Modeling Centaur orbits is difficult. From the abstract cited "...Here, we examined 17 multiple-opposition high-inclination Centaurs and the two polar trans-neptunian objects 2008 KV42 and (471325) 2011 KT19. The statistical distributions show that their orbits were nearly polar 4.5 Gyr in the past, and were located in the scattered disc and inner Oort cloud regions. Early polar inclinations cannot be accounted for by current Solar system formation theory as the early planetesimal system must have been nearly flat in order to explain the low-inclination asteroid and Kuiper belts. Furthermore, the early scattered disc and inner Oort cloud regions are believed to have been devoid of Solar system material as the planetesimal disc could not have extended far beyond Neptune’s current orbit in order to halt the planet’s outward migration. The nearly polar orbits of high-inclination Centaurs 4.5 Gyr in the past therefore indicate their probable early capture from the interstellar medium."
Centaur modeling showed a polar inclination orbit some 4.5 billion years ago, something not explained by the solar protoplanetary disk model, also something not observed in astronomy either for the present location of the Centaurs. Here is another link,
New discovery: First asteroid population from outside our solar system Table 1. in the report cited shows what time issues are involved. My note, the report attached in Table 1. shows what is taking place with the 19 Centaurs studied. Short orbital times when extrapolated over long periods, collisions and ejections take place.
"Table 1. Clone statistics at −4.5Gyr. Orbital inclination is denoted by I, eccentricity by e, semimajor axis by a, and perihelion by q. RGD stands for the relative generalized deviation of the Centaur’s orbit. T0 and Tm are the minimum and median lifetimes. Orbital elements are not given to nominal orbit precision to avoid an overcrowded table."

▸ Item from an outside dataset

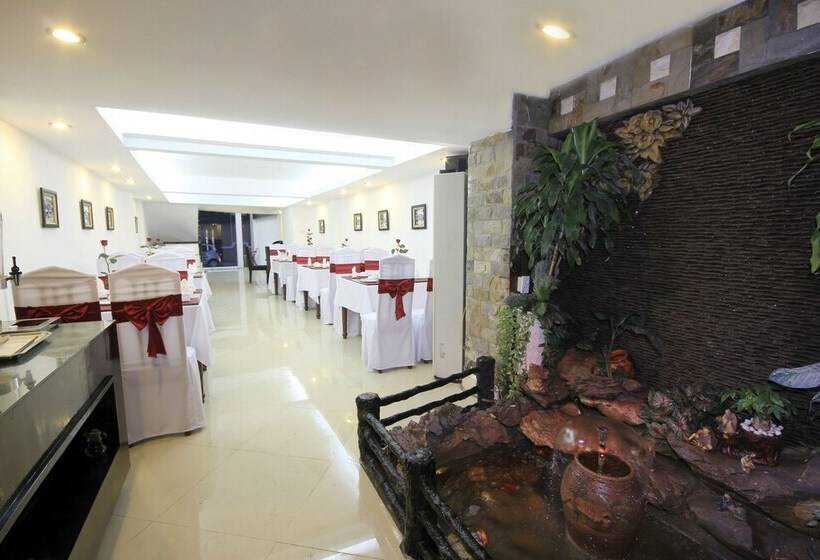 هتل روستایی Hanoi Crystal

My comment, prograde Chiron is shown. Using the orbital elements provided and my trusty spreadsheet, Chiron has a period about 50.49 years. In a time span of 1E+9 years, Chiron could complete 19.8E+6 perihelion passages but will never survive this long as shown in the report and table calculations, most lifetimes < 100E+6 years in the solar system. Centaur present locations and their orbital stability over 4.5 billion years is the problem, this new model offers a possible solution. Other objects in the solar system like the ring age of Saturn, etc. are issues too in reconciling with the radiometric ages of meteorites used to establish the 4.5 billion years time line.